Die zunehmende Vernetzung bzw. Netzwerkbildung bleibt nicht auf den industriellen Sektor beschränkt. Auch der öffentliche Sektor wandelt sich zunehmend zu einem „Gewährleister“ öffentlicher Aufgabenerfüllung, der sich bei der eigentlichen Leistungserstellung einem Netzwerk privater Unternehmen und/oder öffentlich-privater Partnerschaften (Public Private Partnerships / PPP) bedient.
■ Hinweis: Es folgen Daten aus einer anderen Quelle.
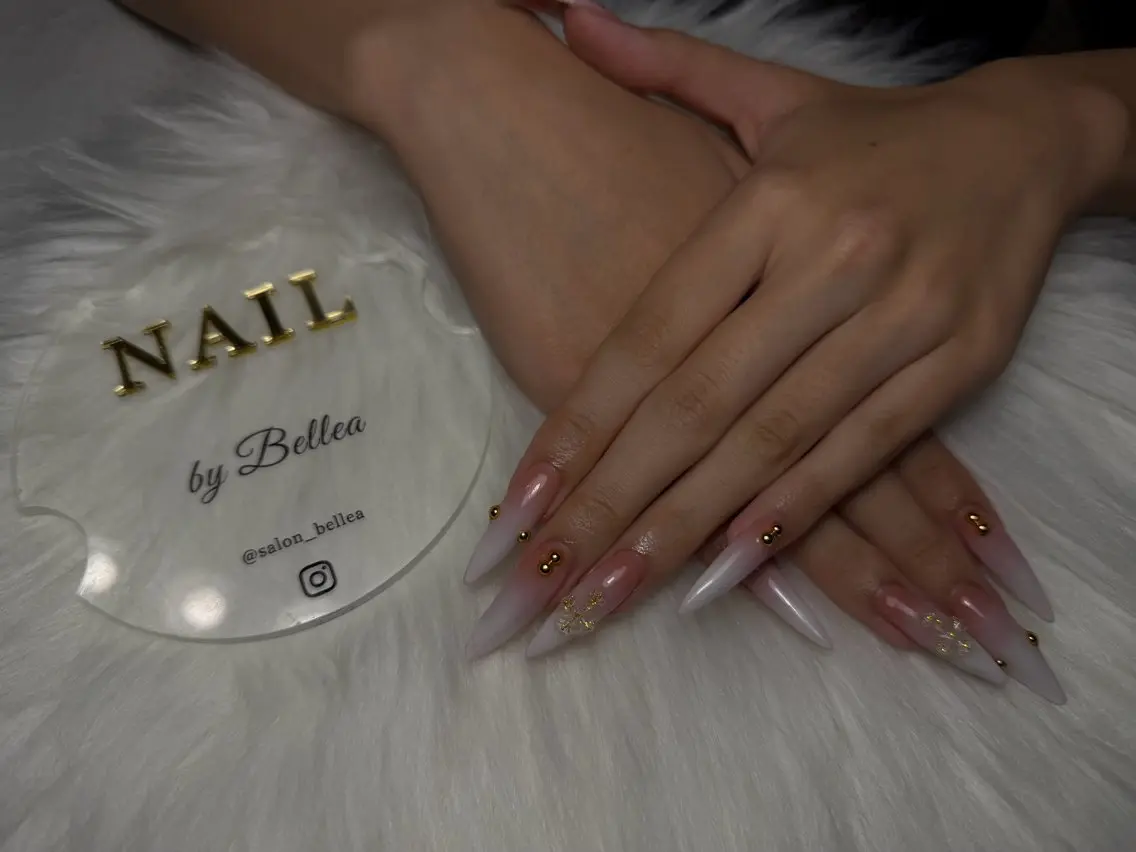 ネイル 持ち込み ハンドネイル Bellea mikoのネイルデザイン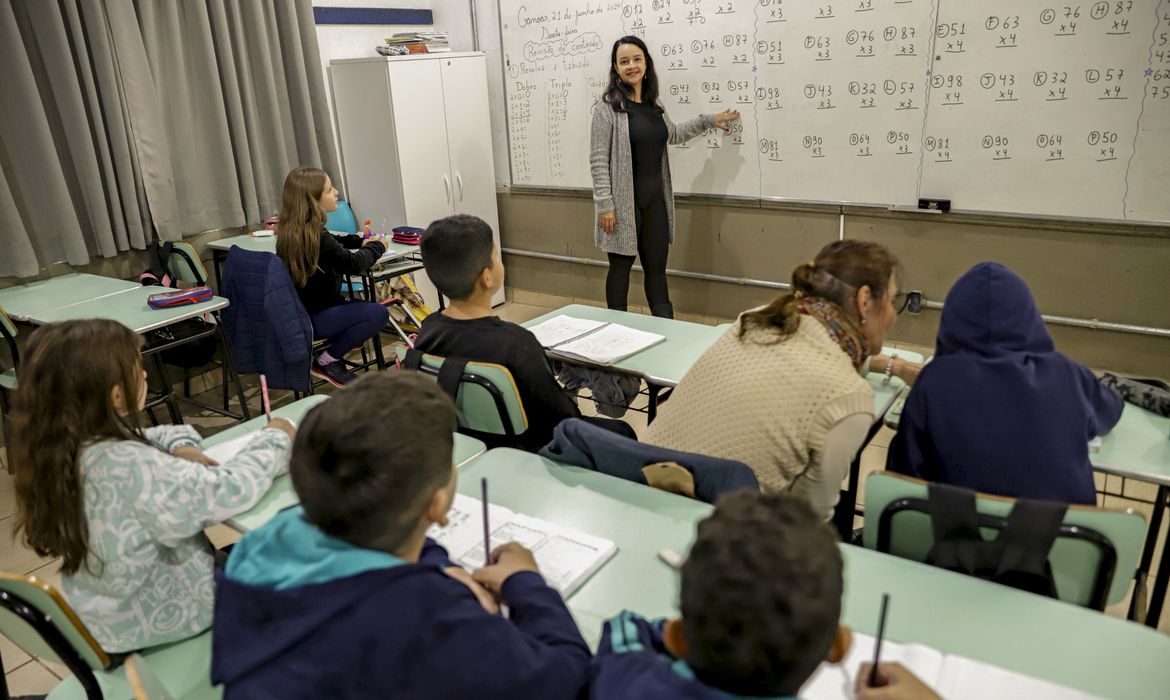 Piso dos professores terá ganho real em 2026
In den Forschungsbemühungen des Lehrstuhls spiegeln sich diese Weiterentwicklungen von Wertschöpfungsprozessen wider. Dabei sind zwei Entwicklungsschwerpunkte zu konstatieren:

  1. Zum einen wird der Anteil der unternehmens- bzw. institutioneninternen Leistungserstellung immer geringer. Die angestrebte Konzentration auf Kernkompetenzen, die intensive Nutzung spezifischen Lieferanten-Know-Hows und schließlich die Möglichkeiten neuer Informations- und Kommunikationstechnologien wie des Internet führen zu zunehmender Reduzierung der Leistungstiefe („Outsourcing“). Damit steigt die Bedeutung von Vorlieferanten; an die Stelle einzelner Industrieunternehmen treten industrielle (Abnehmer-Zulieferer-) Netzwerke bzw. Wertschöpfungsketten. Im öffentlichen Sektor tritt an die Stelle des „Staates“ zunehmend ein Netzwerk privater Dienstleister bzw. Öffentlich-Privater Partnerschaften und staatlichen Stellen. Das lässt sich empirisch durch steigende Fremdbezugsanteile nachweisen. Konsequenterweise orientiert sich unsere Forschung weit weniger an der klassischen Produktions- und Leistungswirtschaft, sondern an der Führung von Wertschöpfungsketten und ‑netzen. Damit einher geht eine Aufwertung des Beschaffungs- bzw. Versorgungsmanagement zum Management externer Wertschöpfung. Der Anteil (extern beschaffter) Dienstleistungen steigt, da der Versorgungsfokus auf Problemlösungen liegt. Nachfolgende Abbildung zeigt den Evolutionspfad von Industriebetrieben beispielhaft auf - von traditionellen Fertigungs- und Versorgungskonzepten hin zum Extremfall des „entmaterialisierten Unternehmens“, das keinerlei eigene Fertigungsaktivitäten mehr unterhält, sondern ein leistungsfähiges Zuliefernetzwerk steuert. Beispielhaft dafür sei die Fertigung von Mobiltelefonen genannt, die größtenteils nicht mehr von den Mobiltelefonfirmen selbst, sondern von spezialisierten Fertigungsdienstleistern („Electronic Manufacturing Services“) durchgeführt wird. In derartigen Netzwerken spielt die Gestaltung effizienter Material-, Informations- und Finanzmittelflüsse eine entscheidende Rolle. Die unternehmensübergreifende Logistik wird zum entscheidenden Wettbewerbsvorteil.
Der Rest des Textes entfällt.